By Michelle Corbin | STC Fellow

In Editing Matters, Michelle Corbin covers matters (topics) about editing that matter (are of consequence) to communicators of all kinds. Watch this space to understand more about editing and what you can do to improve the quality of your content. To suggest a topic or ask a question, contact Michelle at michelle.l.corbin@gmail.com.

Anyone who knows me knows that I am very passionate about technical editing. While I started out my career as a technical writer, I quickly discovered that I enjoyed the editing and revising tasks much more than the writing and creating tasks. When Andrea asked me to write a column for Intercom on editing, I jumped at the opportunity.
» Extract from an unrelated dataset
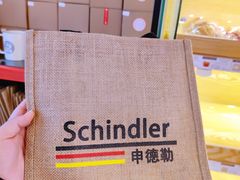-申德勒食品(宾都苑店)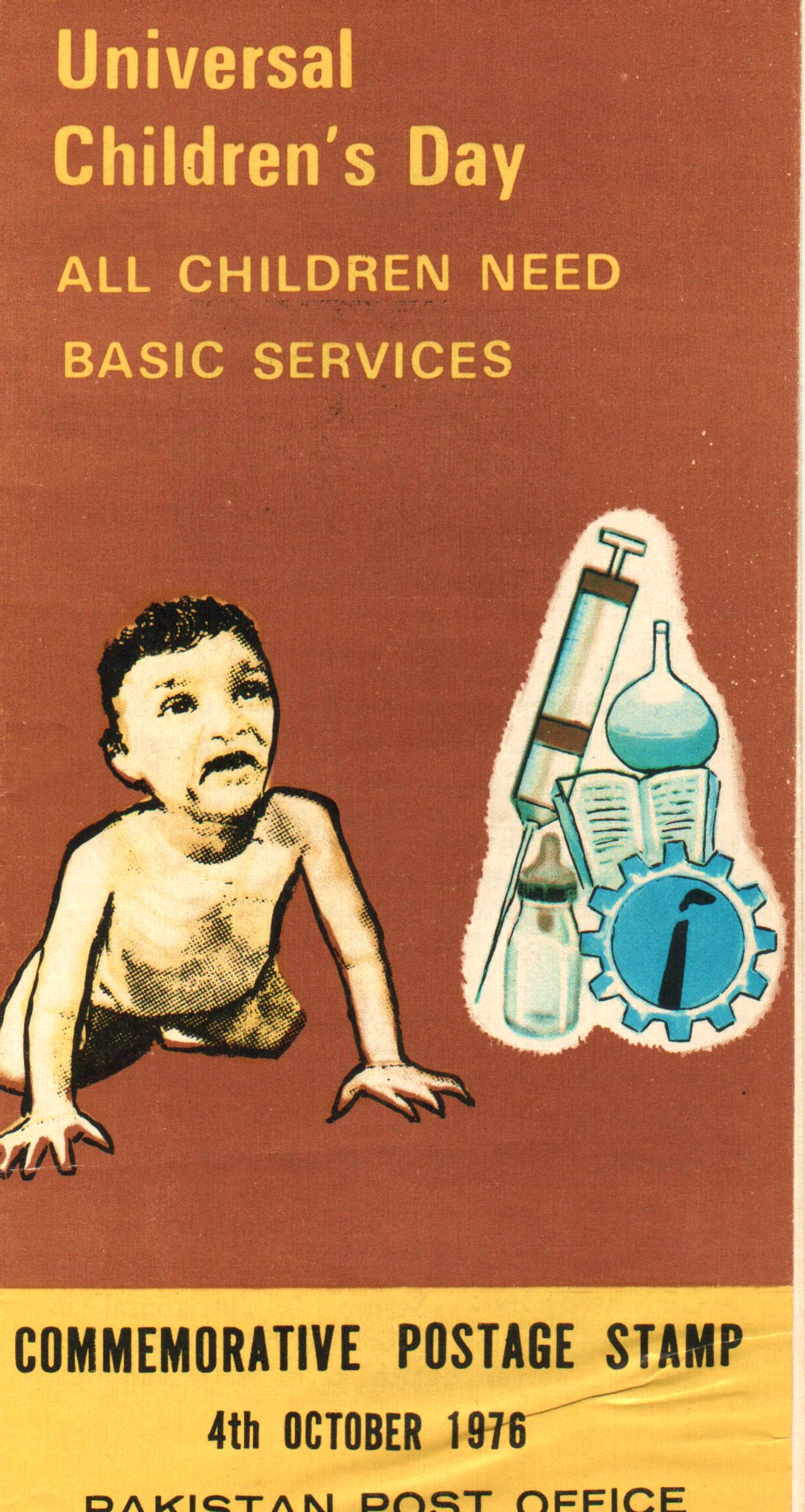 (image for) Pakistan Fdc 1976 Brochure & Stamp Universal Children's Day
Let me explain a bit about the title of my first article. My column is called Editing Matters. The word matter is both a noun and a verb. As a noun, a matter is a topic. As a verb, to matter means to have importance. Matter has many, many definitions, and is used in many, many idioms, and to this word nerd, Editing Matters, was a perfect fit. (Of course, in technical communication, we must be more precise in our terminology, and a word being both a noun and a verb means that we should shy away from using such a word, but I’ll save that tangent for another article.)

I plan to cover the matters of editing from many views: technical communication, journalism, rhetoric, linguistics, and information architecture, to name a few. I do feel like editing, or technical editing, pulls from all of these disciplines. Technical editing is more than just wrangling the grammar, style, and punctuation of a language. As much as I love words, technical editing is about more than just the words.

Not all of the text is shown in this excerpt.